Die unterstrichenen Begriffe sind natürlich alle auch mathematische Begriffe. Vermutlich wird die Umgangssprache da den Prioritätenstreit gewinnen: erst war die Umgangssprache, und dann hat die Mathematik

(- wegen einer gewissen zufälligen Ähnlichkeit der Außenwelt einerseits und mathematischer Probleme andererseits: Funktionsgraphen sehen „nur“ aus wie Gebirge;

- oder weil die Mathematik ursprünglich aus Alltagsproblemen abstrahiert wurde: „wie kann man ein Gebirge mathematisch erfassen?“)

bei der Umgangssprache die Begriffe entlehnt.

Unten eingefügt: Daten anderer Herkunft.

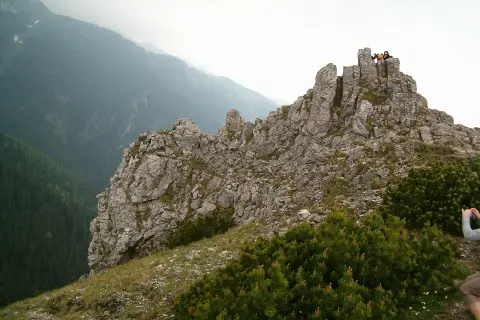 Sarnia skała wznosi się dumnie, otoczona zielenią. Na szczycie widać ludzi podziwiających panoramę.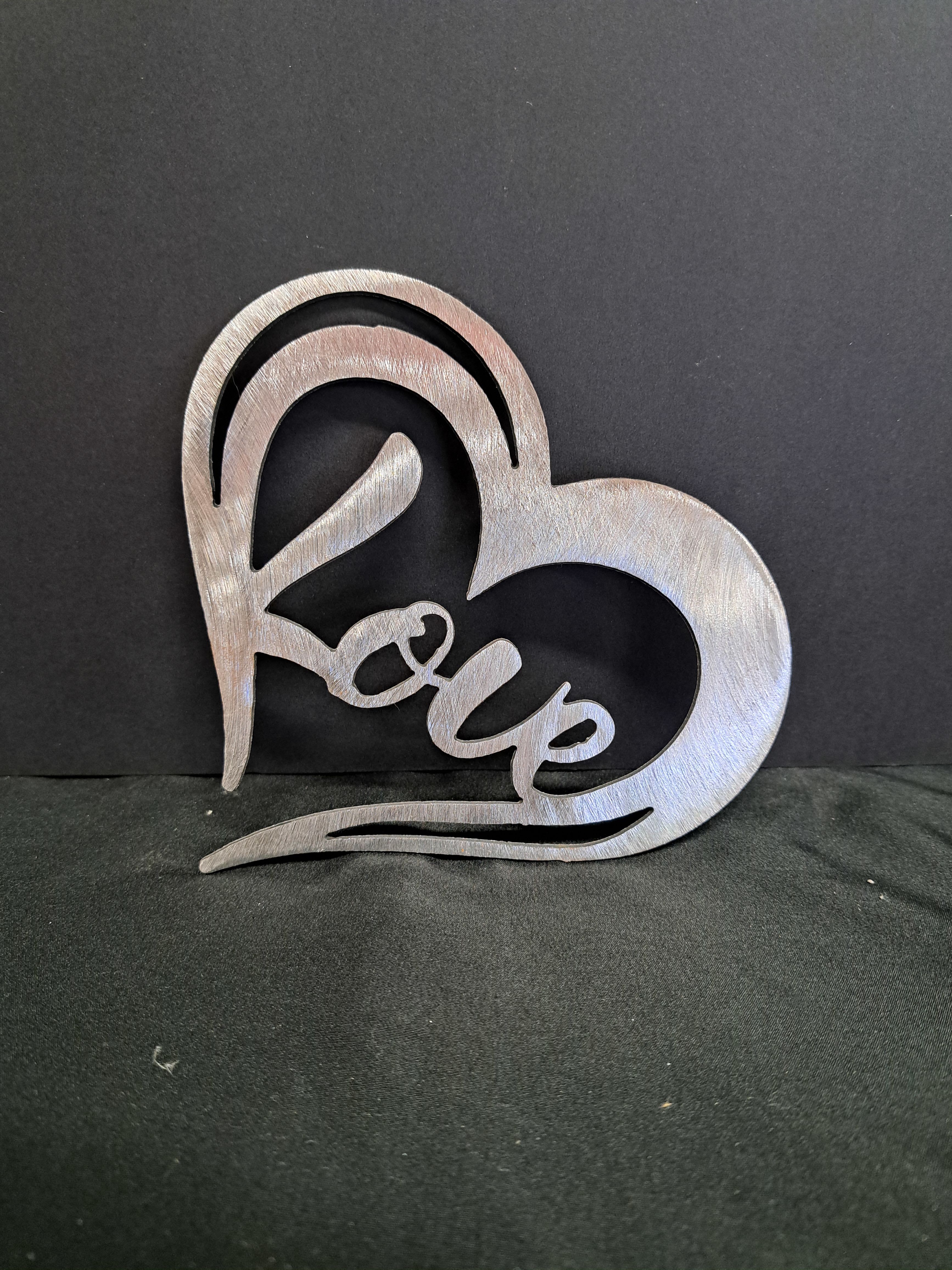 Metal Heart wall hanger Love - A brushed metal heart-shaped wall hanger that spells out "love" brings a modern, romantic accent to any room - perfect as a gift for anniversaries, Valentine's Day, or to mark a special relationship. The reflective silver finish (and an alternative glossy red option) catches light across its flowing cutout lettering and curved silhouette, creating a bold focal point that reads as both ornament and message.  Made from decorative metal with a handcrafted look, this piece is available in striking silver or bright red and is sized to work as a wall or tabletop accent (hangs easily for instant display). The clean lines and durable finish mean it complements contemporary, rustic, or eclectic décor and will make the person you're thinking of feel noticed and cherished.  Choose this heart hanger when you want a lasting, non-floral way to say "I love you" - it's a thoughtful pick for partners, close friends, or to dress up a gallery wall. Care is simple: wipe clean with a soft, dry cloth to preserve the finish and keep the cutout lettering bright.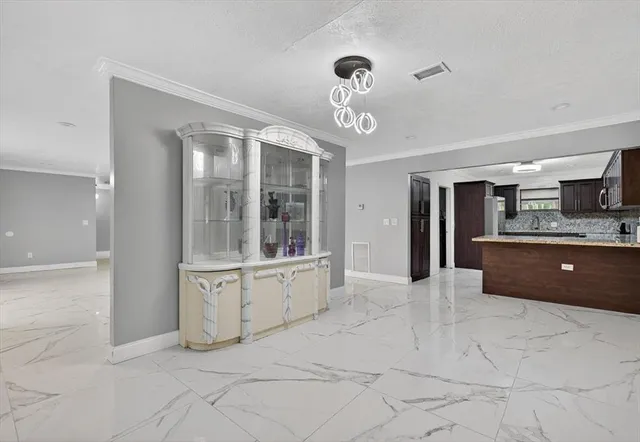 a large white kitchen with kitchen island a sink stainless steel appliances and cabinets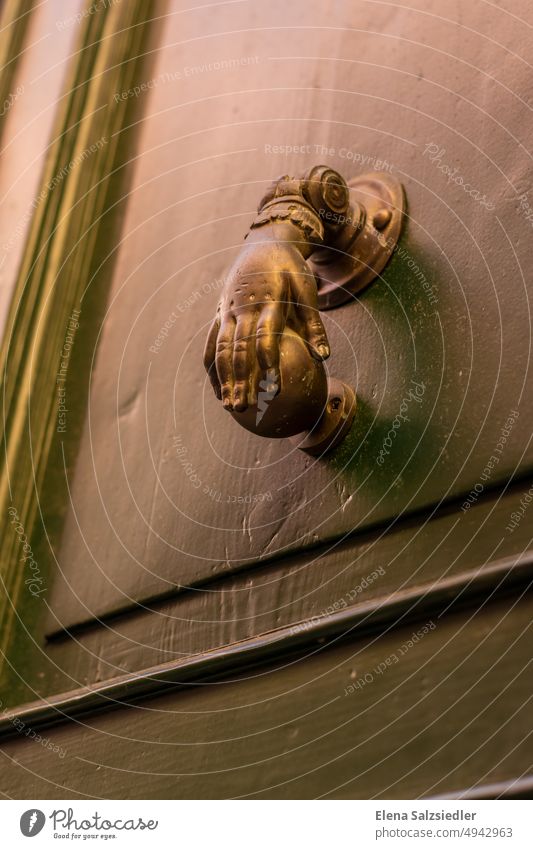 Vintage door knocker in an Italian old town. Knocker Hand Ancient vintage Brass Brass door knocker door handle Fist Sphere Old Entrance Door handle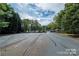 Driveway leading down to the lake with glimpses of boat docks and water through the trees at 8034 Bay Pointe Dr, Denver, NC 28037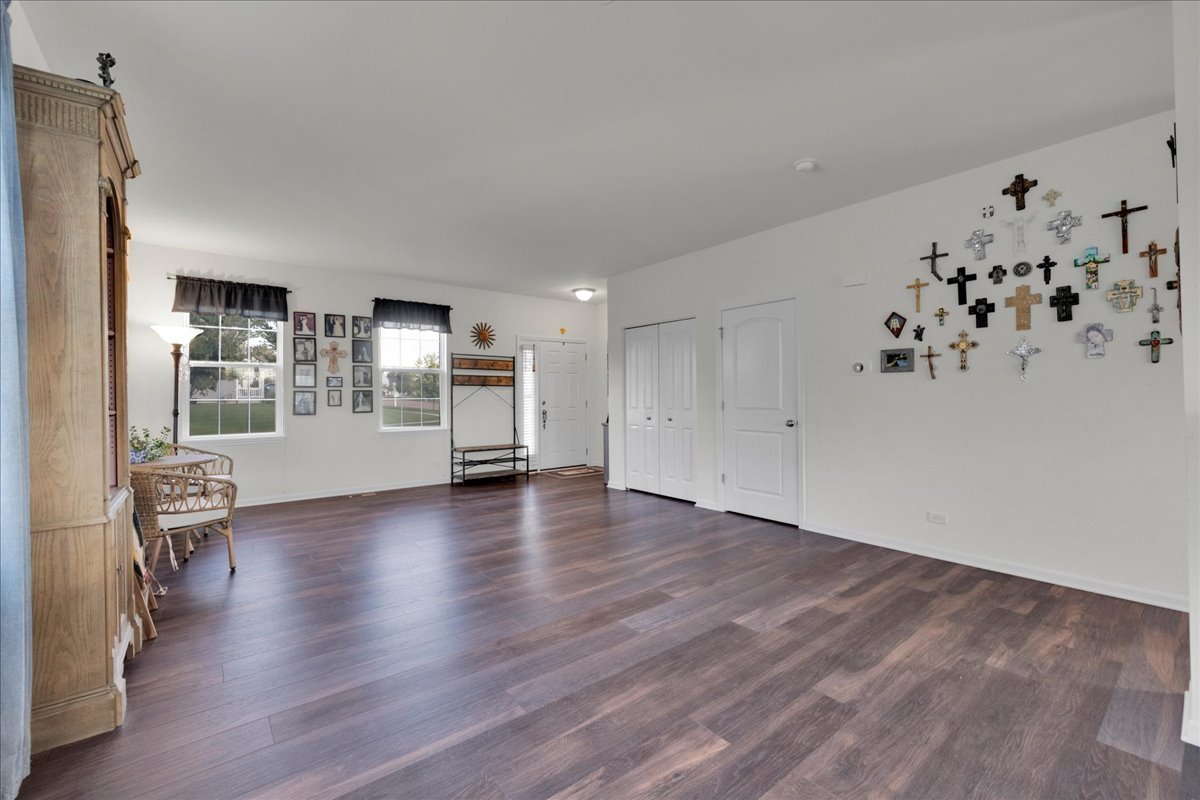 435 Fawn Lane Oswego, IL 60543 - Photo 18 of 47 wooden floor in an empty room with a window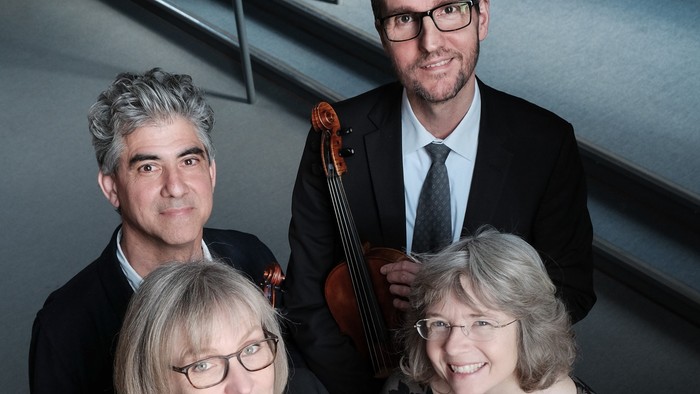 Fire musikerer med strengeinstrumenter.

Bei solch einer Übernahme in eine Fachsprache werden Begriffe oftmals umgedeutet und manchmal auch ganz anders gefüllt, so dass Missverständnis zwischen Laien und Fachleuten geradezu vorprogrammiert sind

(„ist nun ein mathematisches »oder« gemeint, bei dem beide Fälle - und zwar eventuell sogar gleichzeitig - eintreten können, oder ein umgangssprachliches, das üblicherweise einander ausschließende Alternativen meint?“).

Manchmal sogar werden Begriffe der Umgangssprache zwar äußerlich in eine Fachsprache übernommen, dort aber völlig sinnentleert: „irgendwie muss man ein wissenschaftliches Abstraktum ja nennen, weil aber die Bezeichnung letztlich völlig willkürlich ist [eh nichts mit der Sache zu tun hat], nennen wir´s halt mal »normal« oder »Familie« oder »beschränkt«.

(In der Mathematik gibt´s tatsächlich den - nur von außen gesehen urkomischen, weil so um die Ecke ein erhellendes Schlaglicht auf reale Familien werfenden - Satz  „alle normalen Familien sind beschränkt“.)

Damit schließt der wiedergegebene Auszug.